• **Task item**: For this listing, the lines between the one holding "Mytológia: Nesmrteľné príbehy" and the one holding "My Son In Law", inclusive, must be set down exactly.

══ Task inputs ══

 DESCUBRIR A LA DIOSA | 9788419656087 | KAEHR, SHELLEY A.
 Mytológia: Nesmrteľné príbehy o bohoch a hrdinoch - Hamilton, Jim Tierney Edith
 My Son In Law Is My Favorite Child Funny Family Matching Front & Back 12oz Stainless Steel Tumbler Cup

═══
══ Task inputs ══

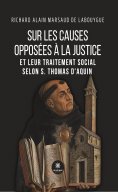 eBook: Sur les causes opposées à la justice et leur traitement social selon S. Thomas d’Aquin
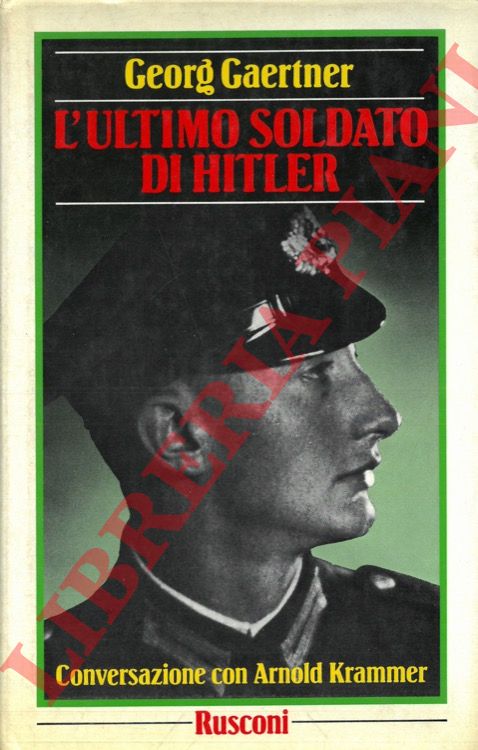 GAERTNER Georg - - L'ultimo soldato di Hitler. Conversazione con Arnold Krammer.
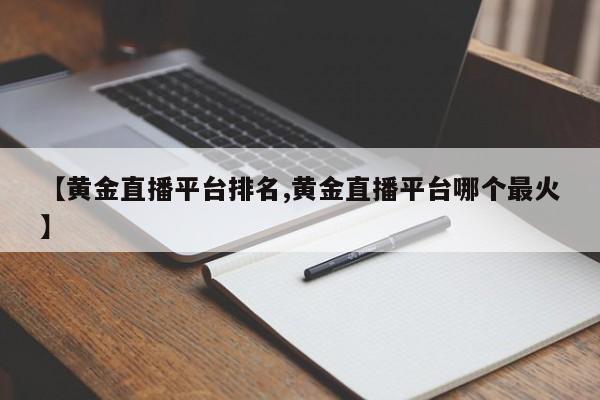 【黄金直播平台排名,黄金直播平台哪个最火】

═══
══ Task inputs ══

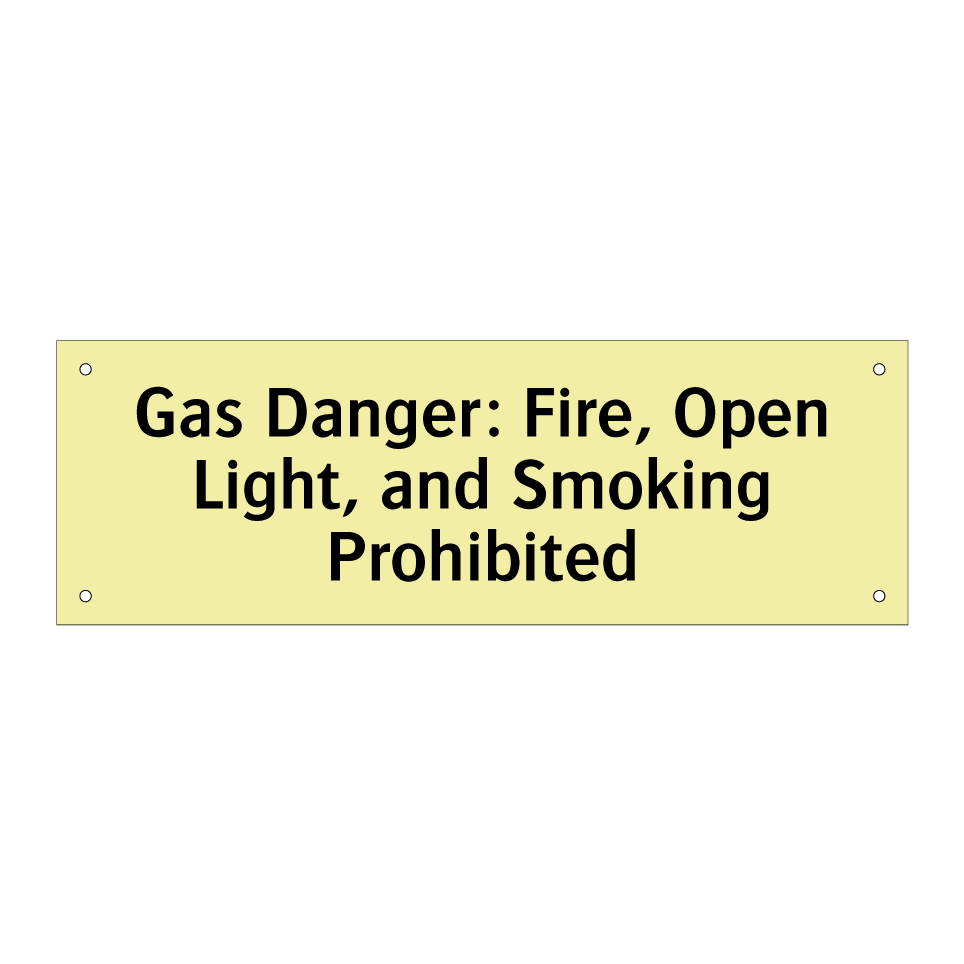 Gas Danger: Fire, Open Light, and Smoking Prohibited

═══

• **Task answer**:
 Mytológia: Nesmrteľné príbehy o bohoch a hrdinoch - Hamilton, Jim Tierney Edith
 My Son In Law Is My Favorite Child Funny Family Matching Front & Back 12oz Stainless Steel Tumbler Cup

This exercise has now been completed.